Eoin MacGabhann’s presentation raised the issue of keeping the history curriculum from KS3 through to degree level more consciously in step.  Certainly, greater understanding of KS3 by HE would be welcomed.  Diversifying the A level syllabus would mean hard choices about what modules should be dropped;  a larger number of optional modules is only a partial solution, since each has to pay its way by attracting a reasonable number of entries.  Here consultation with teachers, students and HE colleagues is one sensible way forward.

Katharine Burn’s talk on diversifying the curriculum in schools raised a question about characteristics of those schools encouraging change: while there were no particular concentration by location, a significantly higher proportion of state schools to independent schools had began to diverse their history curriculum.  It seems clear that teachers were more confident about introducing change when it could be done incrementally, without a significant increase in content.  There’s an urgent need for more research into parental and student attitudes in order to get a more rounded view of the history curriculum, present and future.

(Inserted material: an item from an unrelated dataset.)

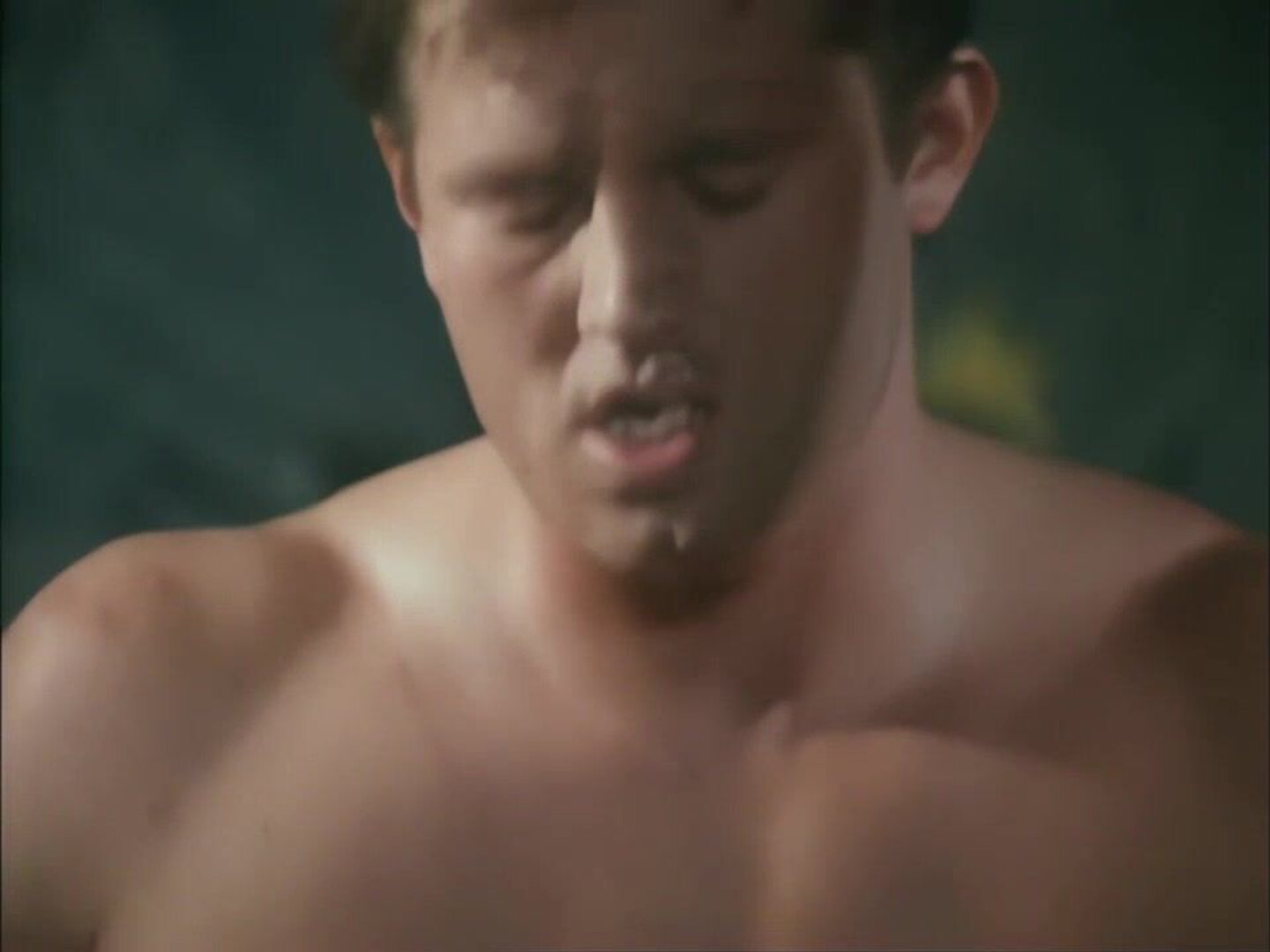 sarah young - orgy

Decolonising the curriculum drew discussion which addressed the problematic and sometimes contestable nature of the concepts associated in what is a wide-ranging movement and the challenges in implementing change.  In his presentation, Peter D’Sena cited some of the RHS Race Report’s statistics about the low percentages of BAME staff teaching history in UK universities.  Some participants expressed shock and concern, but made the valid observation that staff identifying as white therefore had an enormous role and responsibility – but needed to be given some assurances about how to become ‘allies’.  Others mused whether, possibly, there was ‘unresolvable tension between the ethics of teaching and the politics/hermeneutics of historiography’.  There was general agreement, though, that there needs to be pioneers, just as there were a few decades ago for feminist and queer history.  One or two respondents also noticed how the presentation occasionally littered more general observations about pedagogic practice, with one writing: ‘I was really struck by the comment you made … about there being little point in changing curriculums when still clinging to nineteenth century forms of assessment’.  In that sense, the message that it is more appropriately about decolonising education, did seep through.

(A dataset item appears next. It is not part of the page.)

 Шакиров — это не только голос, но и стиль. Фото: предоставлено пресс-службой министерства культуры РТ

Marcus Collins’ presentation on student experience generated discussion on the pressure to increase contact hours. Why have we singularly failed to persuade parents and students that contact hours are a poor measure of teaching quality or an inappropriate index of value for money, not least with so much student absenteeism?  There is a real risk that raising contact hours would sacrifice quality for quantity.  Several participants were in favour of ‘short fat modules’ to encourage concentrated study and for fruitful student-teacher interactions; evidence from Australia suggests that they are particularly useful for students from disadvantaged backgrounds.  As Marcus observed, SEAS comments suggest that history teaching is in relatively better-shape than other disciplines, and this needs to be deployed in conversations with HE senior management.

The final session, on the RHS’s forthcoming teaching portal, elicited a number of helpful remarks on the scope, novelty, audience, content and clarity of purpose of the portal.  These will be discussed by the working group which will be busy between now and the portal’s launch in November 2020.